The G7 countries consisting of Canada, France, Germany, Italy, Japan, the United Kingdom and United States of America called on energy-exporting countries to increase oil production at a summit held in Germany in June.
The G7’s shift in favour of fossil fuels follows years of de-campaign as the energy transition question gathers steam towards green energy solutions.
Uganda is among the countries that have in the last six months faced scathing attacks from climate activists over her oil projects.
The climate pressure is geared towards the construction of the 1,443 kilometre heated East African Crude Oil Pipeline Project (EACOP) running from Hoima district in Uganda to the Port of Tanga in Tanzania.
A new report assessing the oil pipeline and associated oil fields against internationally recognised environmental and human rights standards for financial institutions found “numerous violations, putting banks at risk if they sign on to support the project.”
The assessment was undertaken by the Africa Institute for Energy Governance (AFIEGO) based in Uganda and Inclusive Development International (IDI).
It also includes BankTrack, an international tracking, campaigning and civil society support organisation targeting private sector commercial banks (‘banks’) and the activities they finance.
It suggests that the project is not in compliance with many of the criteria set forth in the Equator Principles and the Environmental and Social Performance Standards of the International Finance Corporation (IFC), two internationally recognised standards for responsible finance.
“The EACOP project developers have committed to adhere to the IFC Performance and other international standards.

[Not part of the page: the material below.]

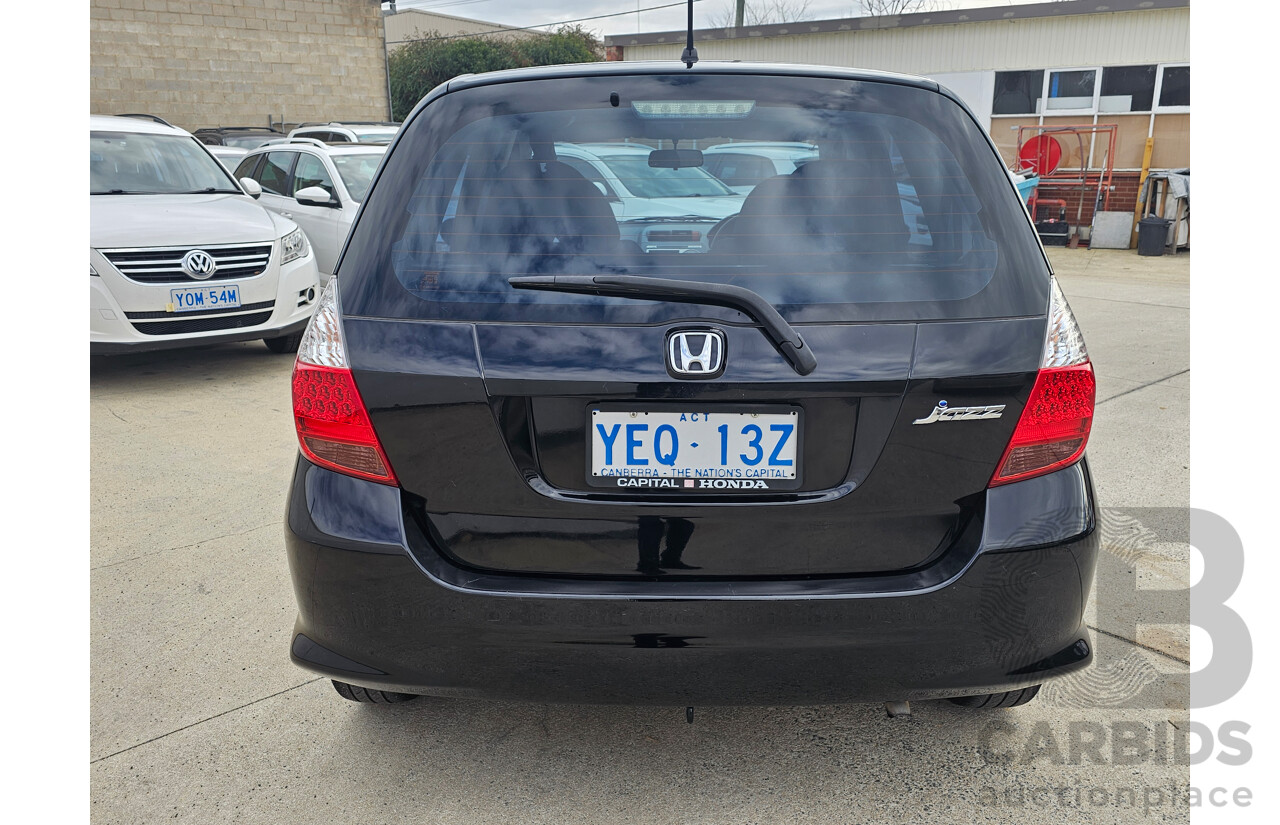 9/2006 Honda Jazz VTi MY06 5d Hatchback Black 1.5L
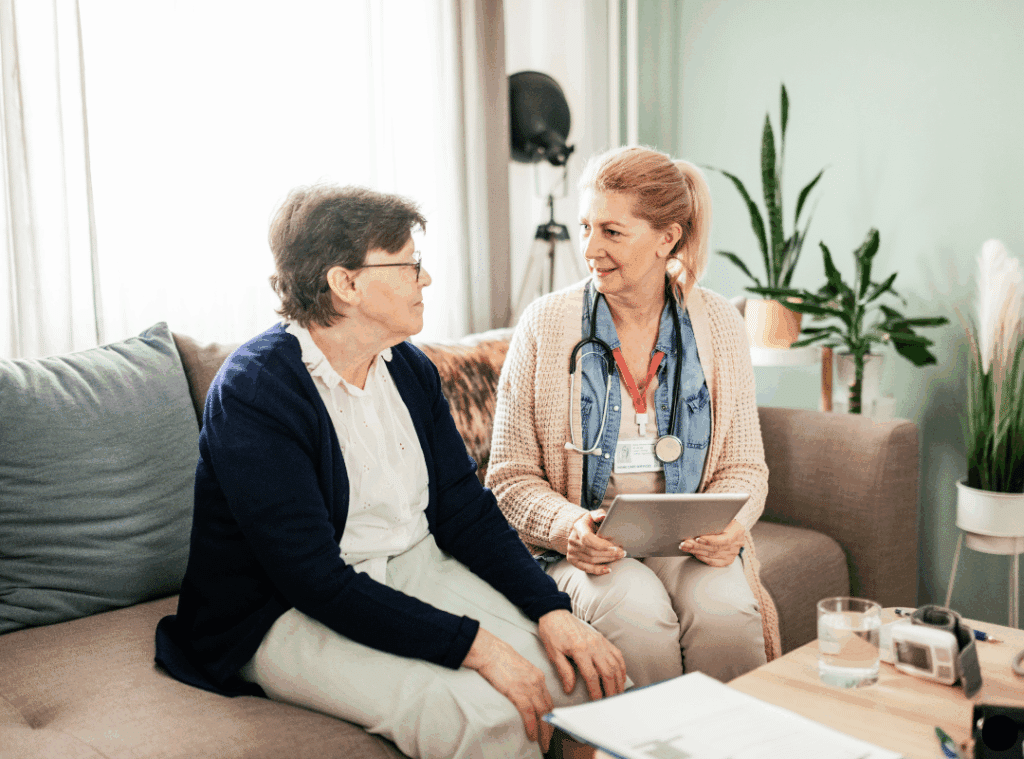 A woman and her friend chatting comfortably on a couch.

However, while implementing the EACOP and its associated upstream oil projects, the developers have come short in complying with the standards,” says Diana Nabiruma, AFIEGO’s senior communications officer as quoted in a press statement.
But even with such rallying cries from climate activists, the tide is shifting, the world still demands that more oil and gas is required for industries to run.
Mohammad Sanusi Barkindo, the outgoing Secretary General at Organisation of the Petroleum Exporting Countries (OPEC) notes that it is unfortunate that the policy narrative in the run-up to and during at the UN Climate Change Conference (COP26) held last year in Glasgow, UK was heavily distorted against fossil fuels and divorced from the reality of the world’s energy needs.
Barkindo made the remarks contained in a statement published on the OPEC website while at the opening ceremony of the 21st edition of Nigeria Oil and Gas (NOG) Conference and Exhibition in early July.
He observed that developing countries were urged to turn their backs on their own hydrocarbon (fossil fuel) assets, even though their right to sovereignty over the use of these natural resources is carved in the Paris Agreement’s principle of equity in the context of sustainable development.
Barkindo noted that the pronouncements were misleading and yet, key stakeholders in the industry are currently participating in the intergovernmental arrangements and initiatives to develop, deploy and promote cutting-edge technologies to reduce emissions from the production.
The shift towards the need for fossil fuels to address the world’s energy needs saw Barkindo hail the new decision that was reached at the G7 leaders’ Summit in Germany.
“They [G7 group] took a step in the right direction by recognising the need for continued investment in fossil fuels to help meet the world’s energy needs,” he stated.
“Both the market and consumers deserve clear and consistent policies which recognise that oil is indispensable to global economic development and the world’s energy mix,” Sanusi said, noting that, “Our industry cannot afford to sleepwalk into another crisis.”